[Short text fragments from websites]
━━━━━━
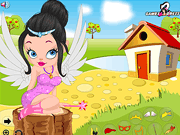 play Little Fairy Dress Up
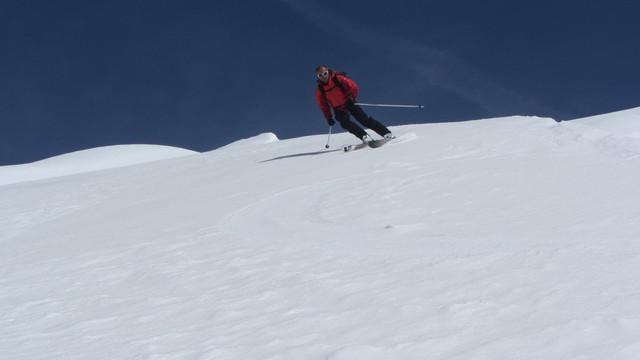 Ski de randonnée le glacier des Glaciers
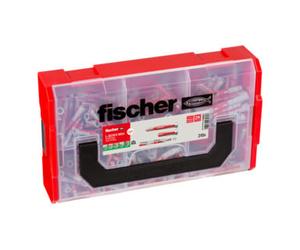 fischer fischer FIXtainer - DUOPOWER court / long Quantité:1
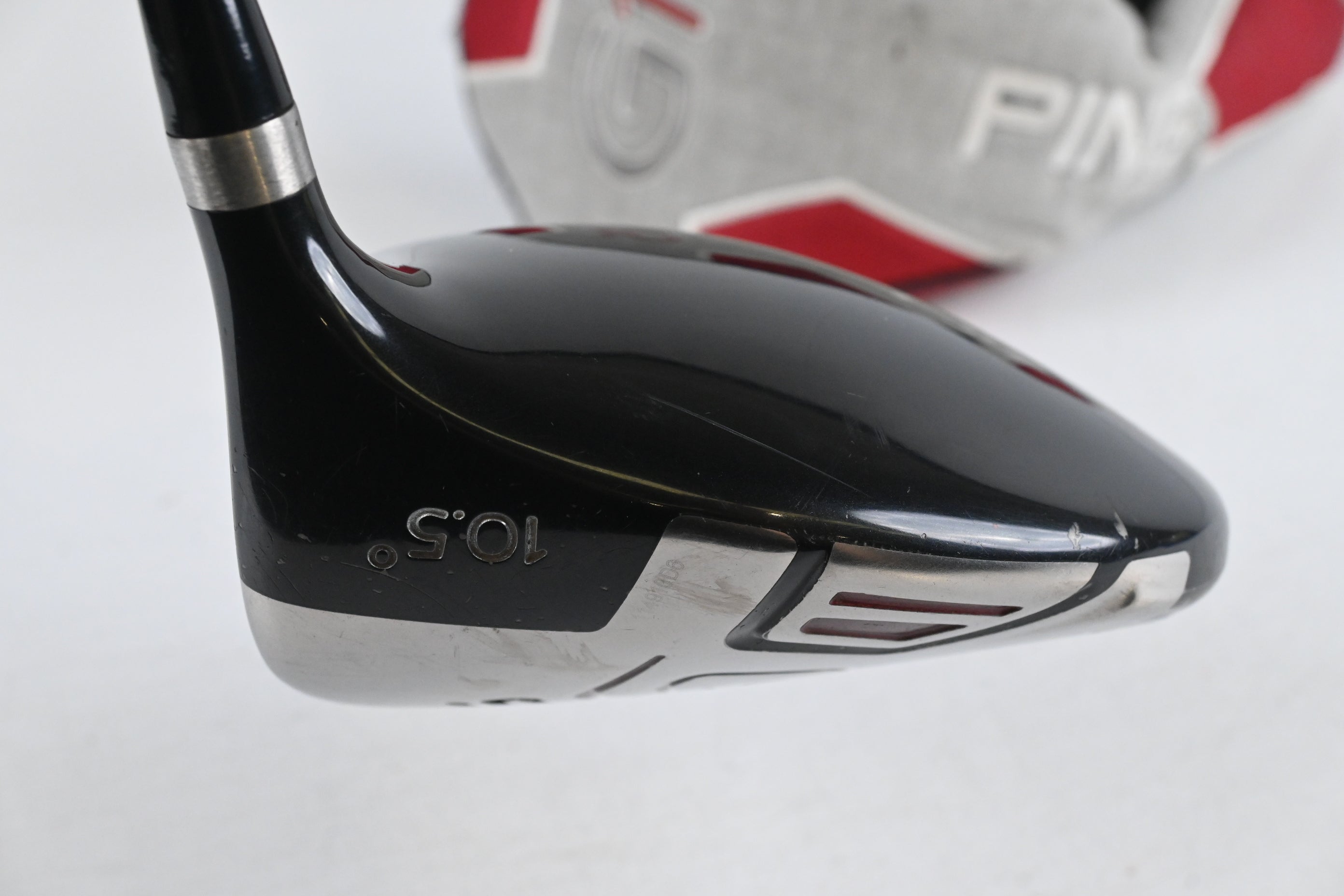 Ping G15 Driver / 10.5 Degree / Regular Flex Aldila Serrano 60 Shaft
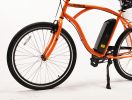 26" Electric Bike for Adults,Layback Electric Single Speed E-Bike,350W Brushless Motor 10AH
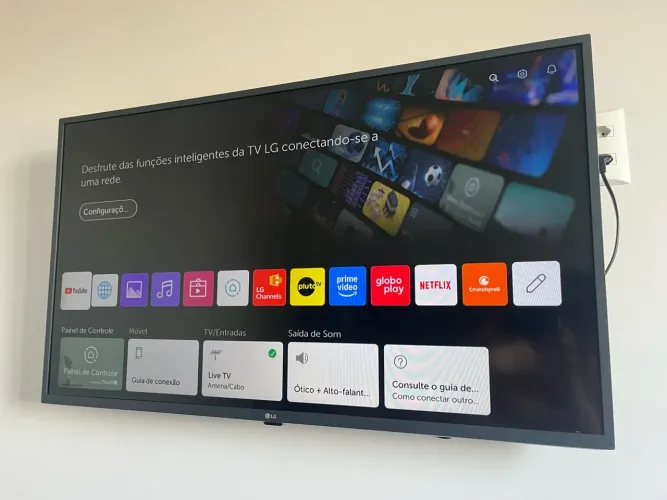 Tv led 43 polegadas LG Smartv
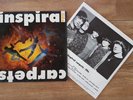 INSPIRAL CARPETS-LIFE- Original 1990 1st Press Vinyl Album Embossed Sleeve Inner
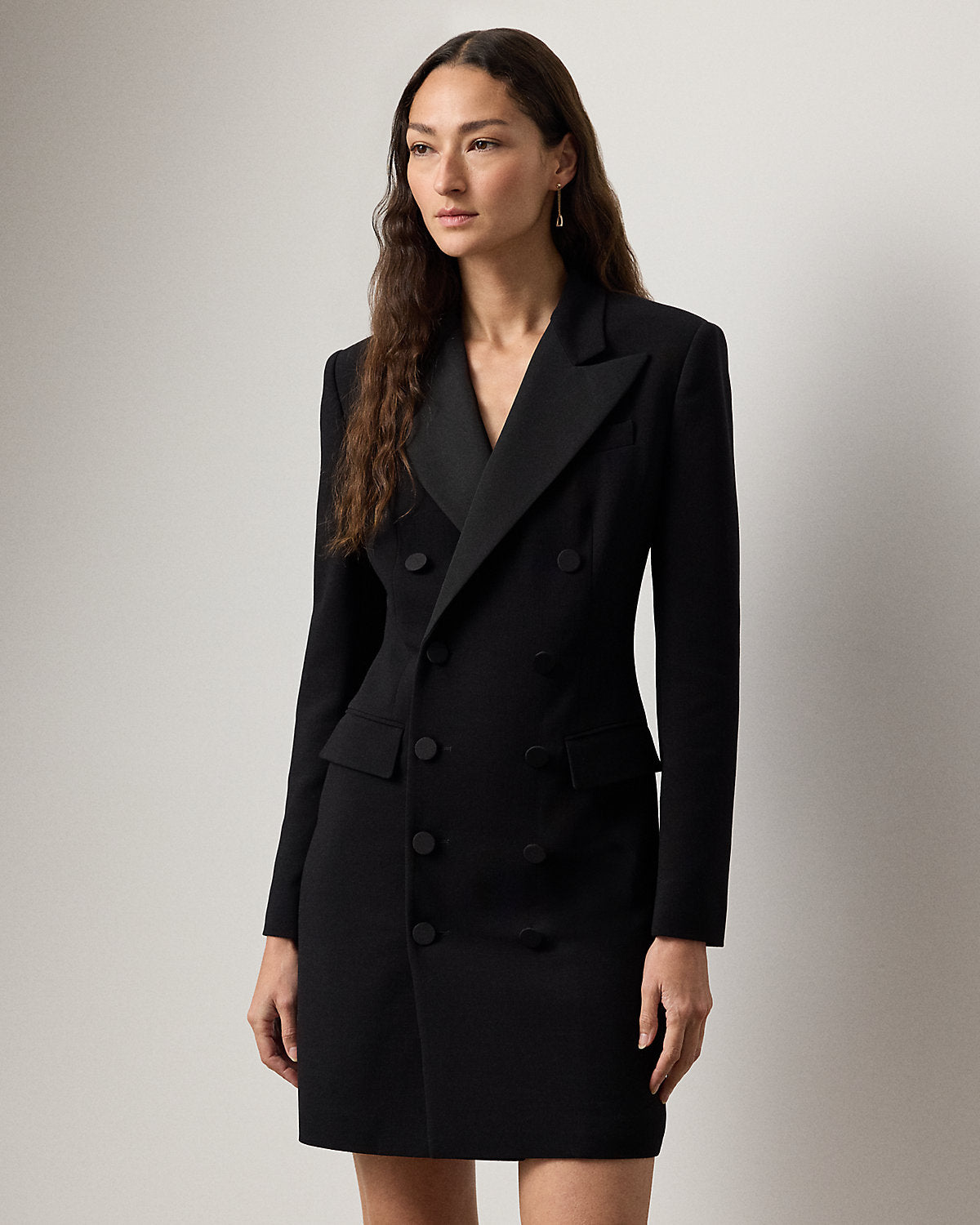 Cottrell Double-Breasted Cocktail Dress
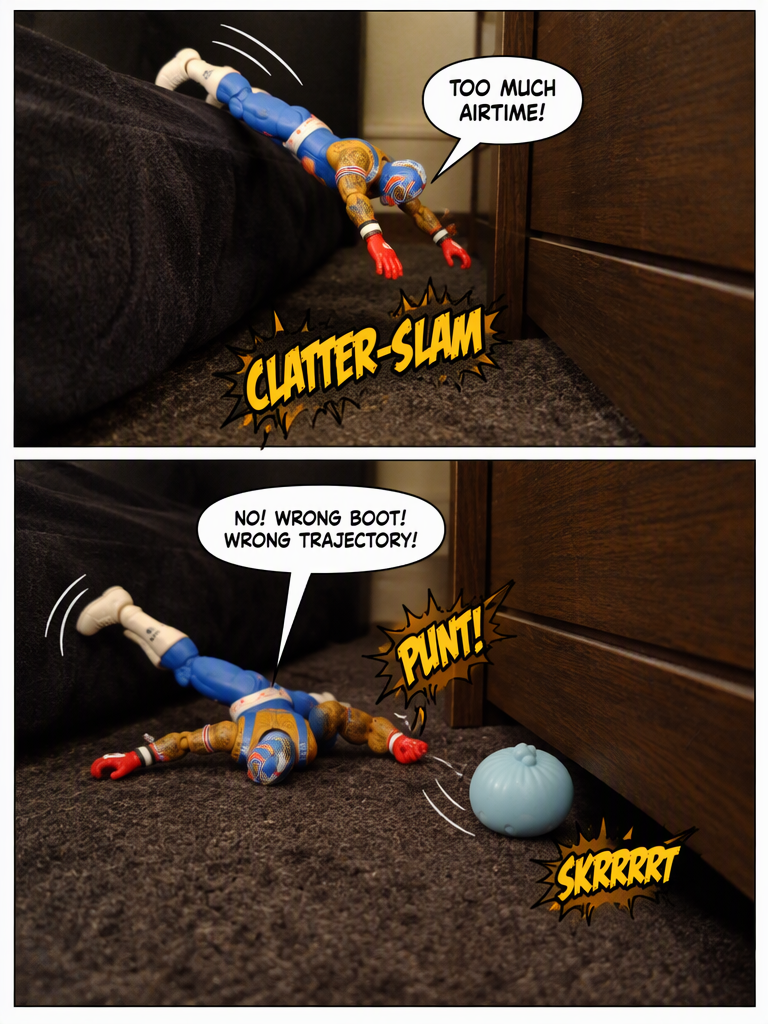 Under the Bed Frame (page 2 of 4)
━━━━━━
What is wanted is a word-for-word restatement of the entries, without their images.

 play Little Fairy Dress Up
 Ski de randonnée le glacier des Glaciers
 fischer fischer FIXtainer - DUOPOWER court / long Quantité:1
 Ping G15 Driver / 10.5 Degree / Regular Flex Aldila Serrano 60 Shaft
 26" Electric Bike for Adults,Layback Electric Single Speed E-Bike,350W Brushless Motor 10AH
 Tv led 43 polegadas LG Smartv
 INSPIRAL CARPETS-LIFE- Original 1990 1st Press Vinyl Album Embossed Sleeve Inner
 Cottrell Double-Breasted Cocktail Dress
 Under the Bed Frame (page 2 of 4)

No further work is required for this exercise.